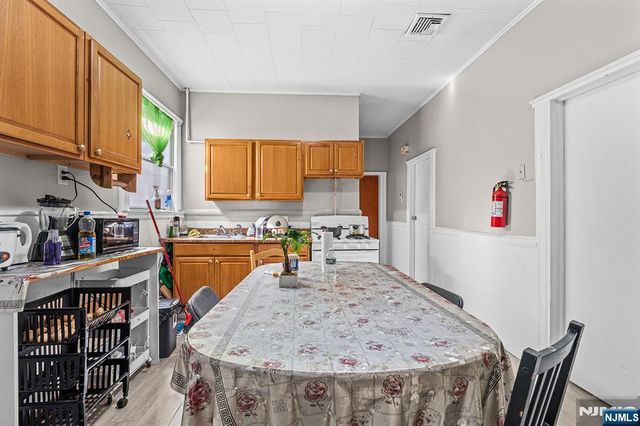 200 Ferry Street, Newark, NJ 07105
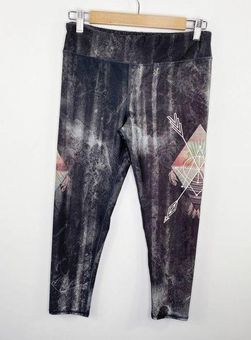 Evolution and creation Arrow Native Tribal Capri Leggings Women's Size Medium  M - $15 - From Taylor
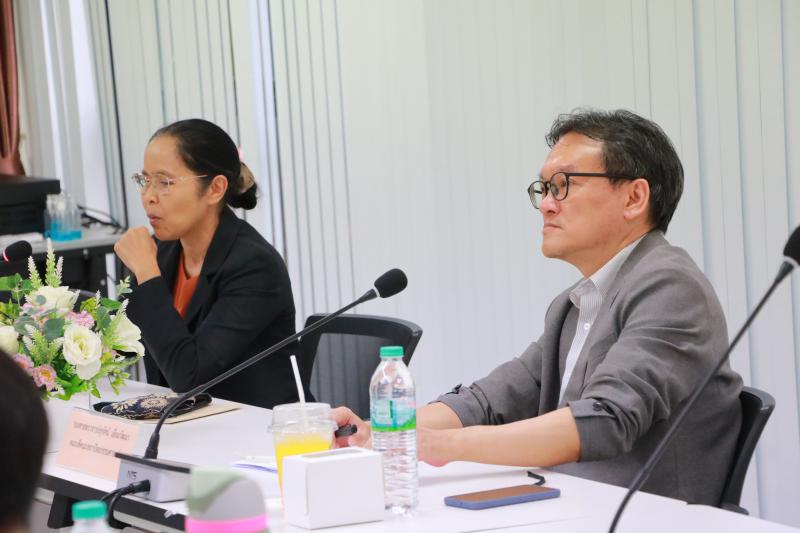 ประชุมหารือจัดทำหลักสูตร Master/Ph.D (Intergrated Science)Program กับบัณฑิตวิทยาลัย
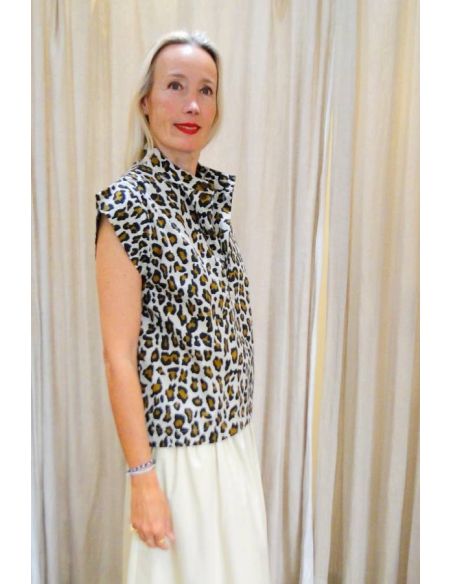 BELLE PIECE Top DEIA safari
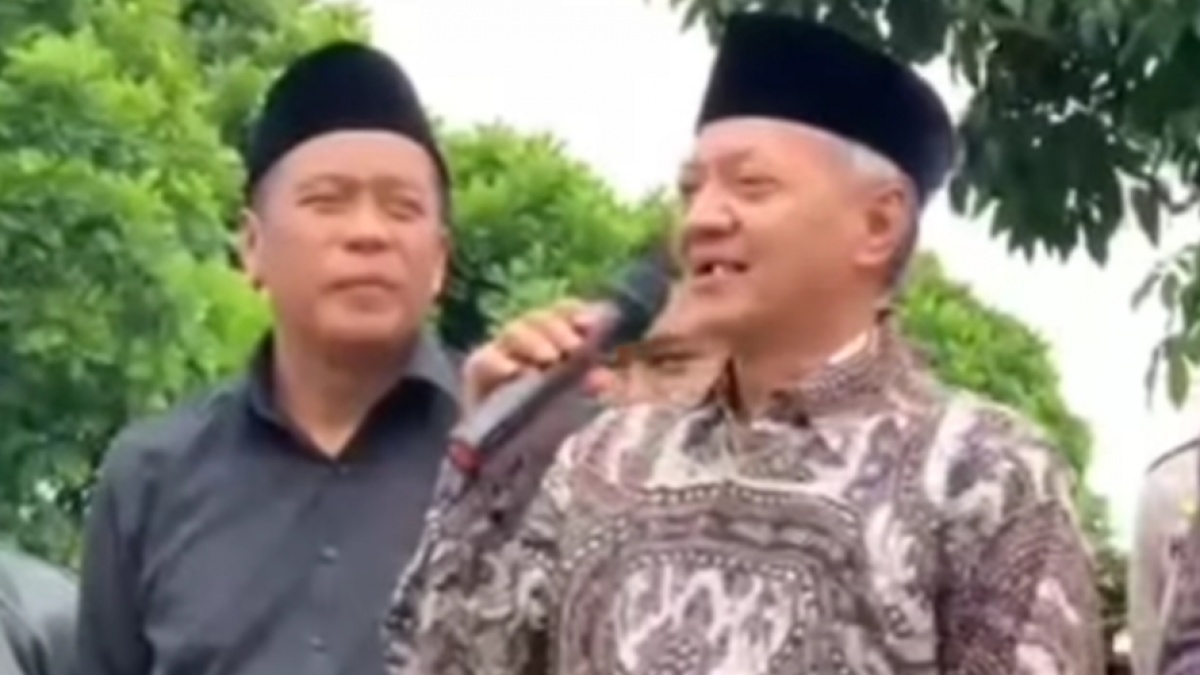 Detik-Detik Ketua DPRD Wonosobo Ditertawakan Pendemo Karena Tak Hapal Pancasila, Grogi Pak!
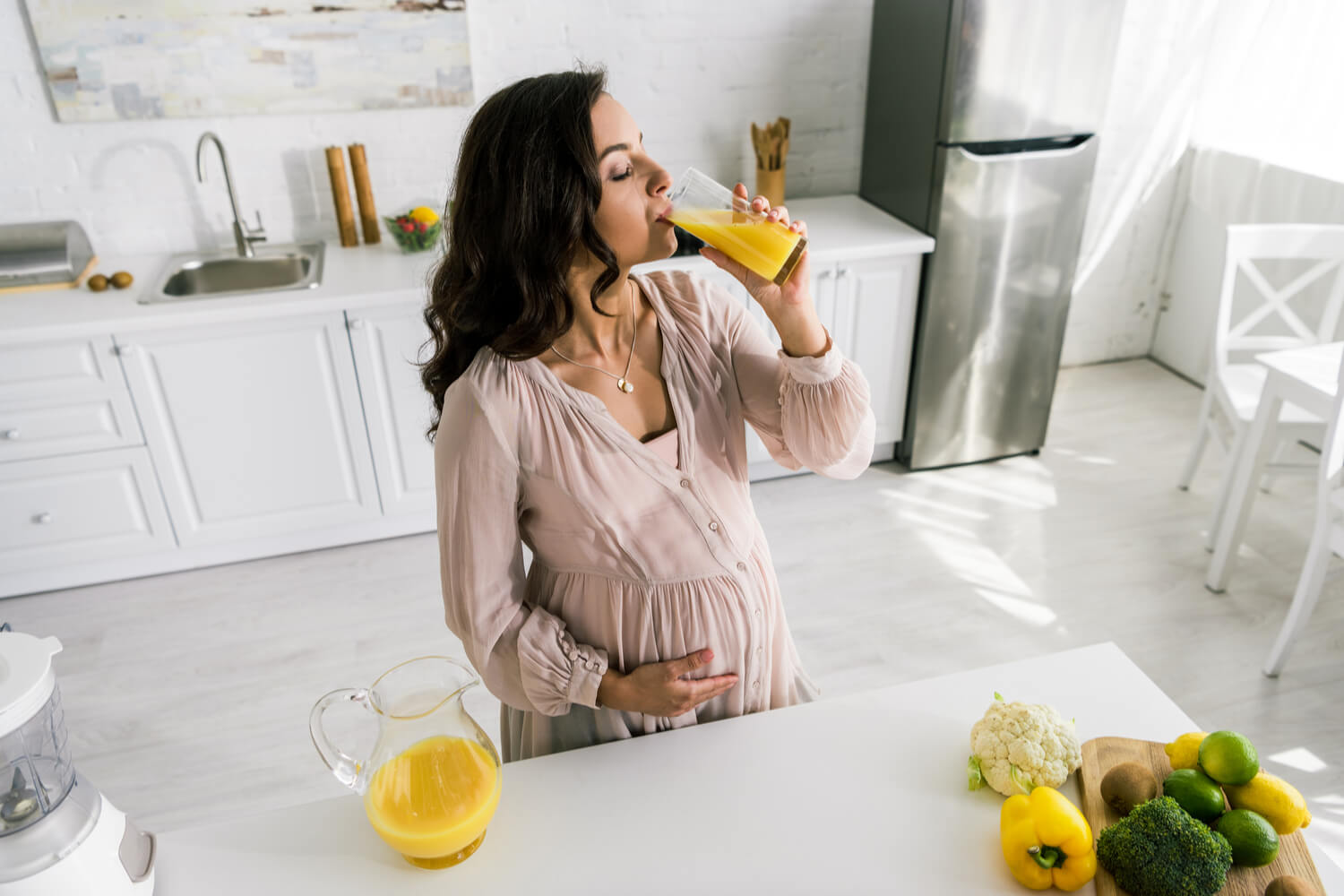 pregnant women drinking juice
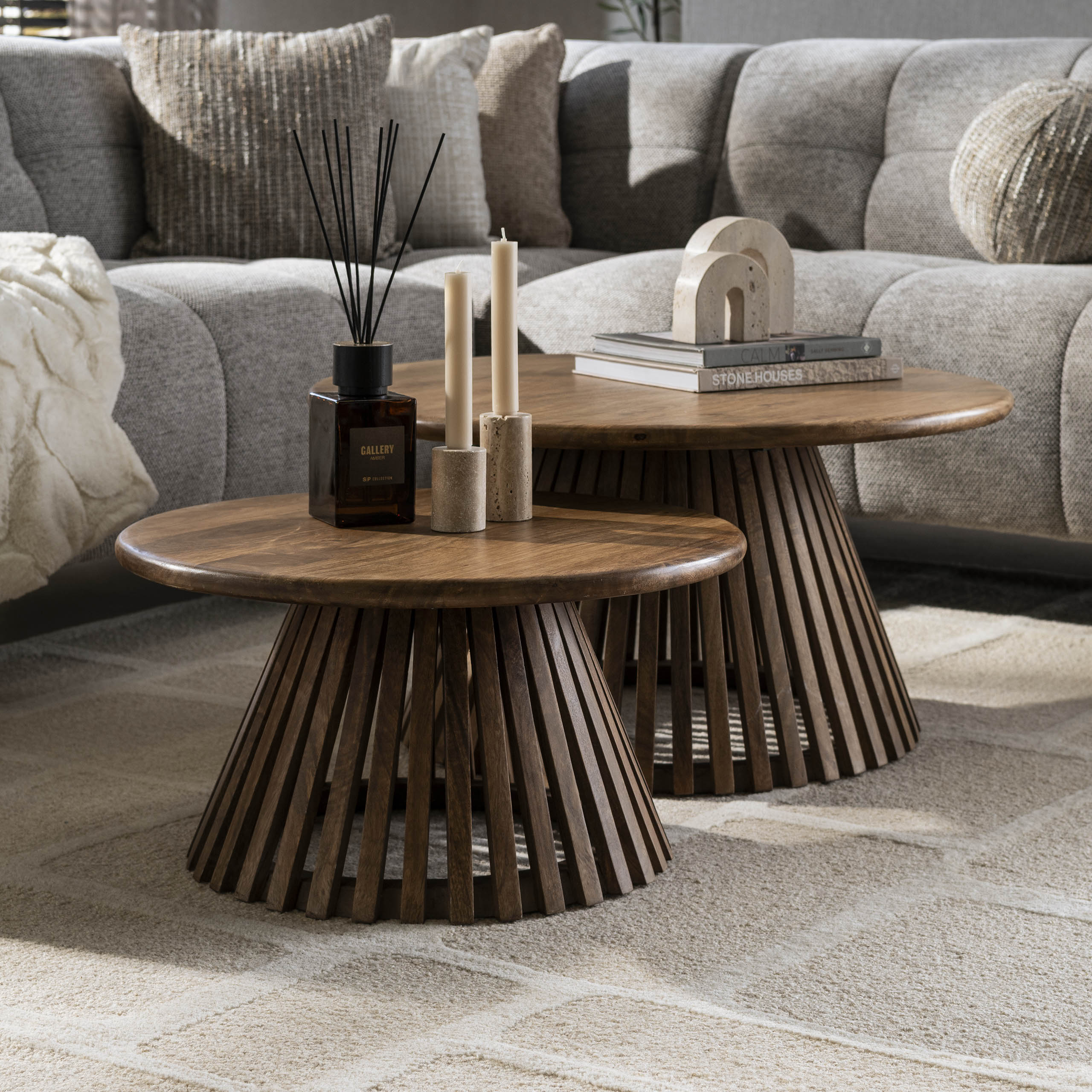 Trevano zandkleurige salontafel met kegelpoot van massief mangohout - set van 2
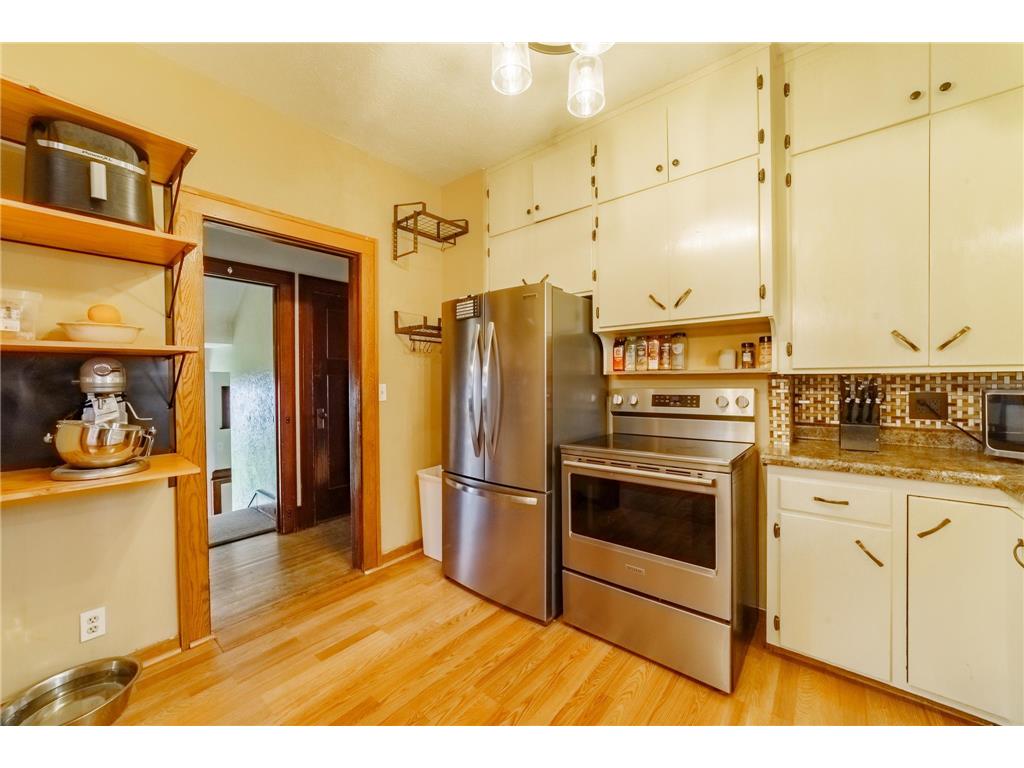 612 W Brooks Street Arlington MN 55307 7061399 image9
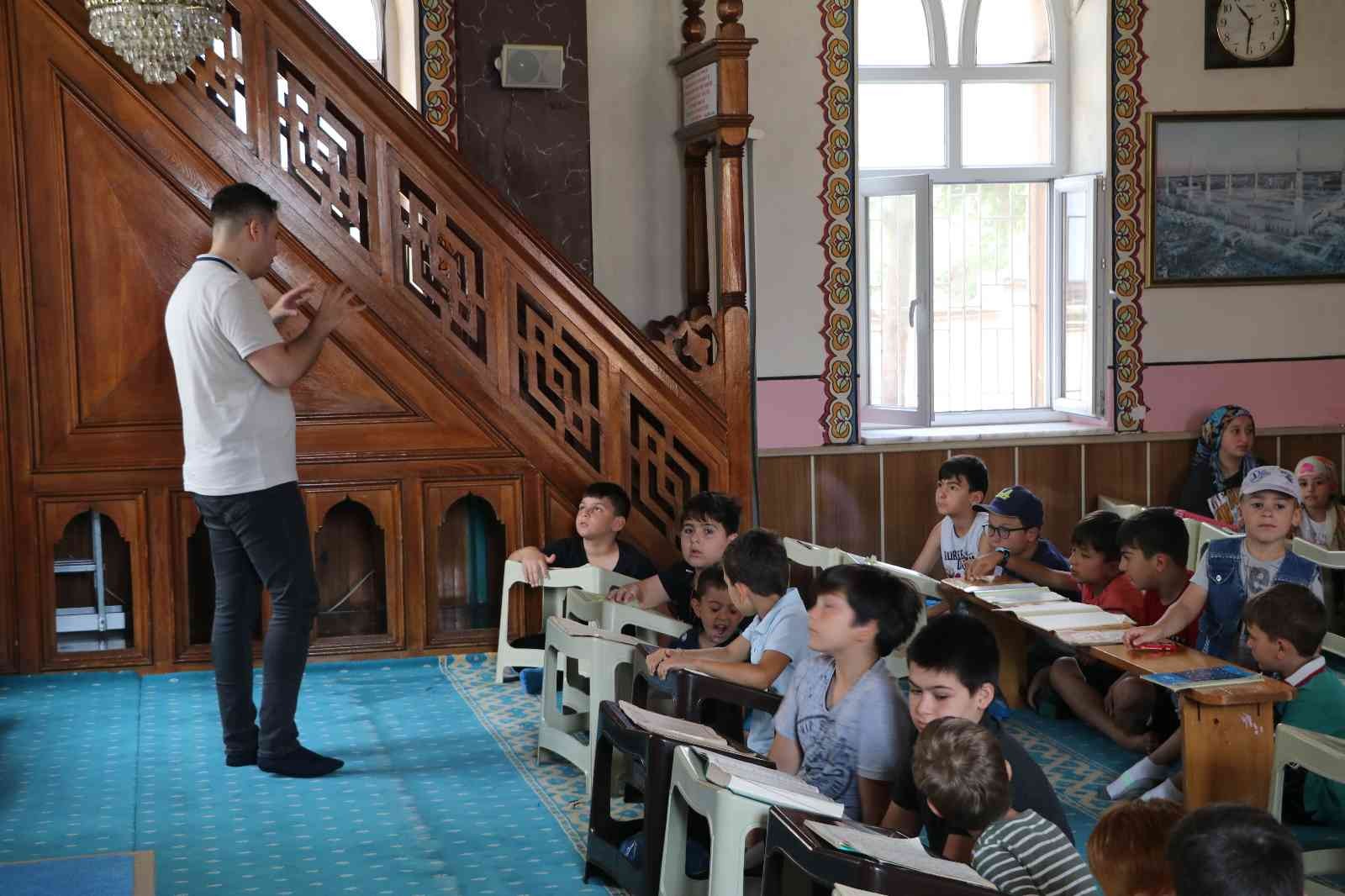 Kur’an-ı Kerim Kursu öğrencilerine 112 acil çağrı merkezinin önemi anlatıldı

» Required work
Repeat the records above verbatim, dropping the pictures.

» Task solution
 200 Ferry Street, Newark, NJ 07105
 Evolution and creation Arrow Native Tribal Capri Leggings Women's Size Medium  M - $15 - From Taylor
 ประชุมหารือจัดทำหลักสูตร Master/Ph.D (Intergrated Science)Program กับบัณฑิตวิทยาลัย
 BELLE PIECE Top DEIA safari
 Detik-Detik Ketua DPRD Wonosobo Ditertawakan Pendemo Karena Tak Hapal Pancasila, Grogi Pak!
 pregnant women drinking juice
 Trevano zandkleurige salontafel met kegelpoot van massief mangohout - set van 2
 612 W Brooks Street Arlington MN 55307 7061399 image9
 Kur’an-ı Kerim Kursu öğrencilerine 112 acil çağrı merkezinin önemi anlatıldı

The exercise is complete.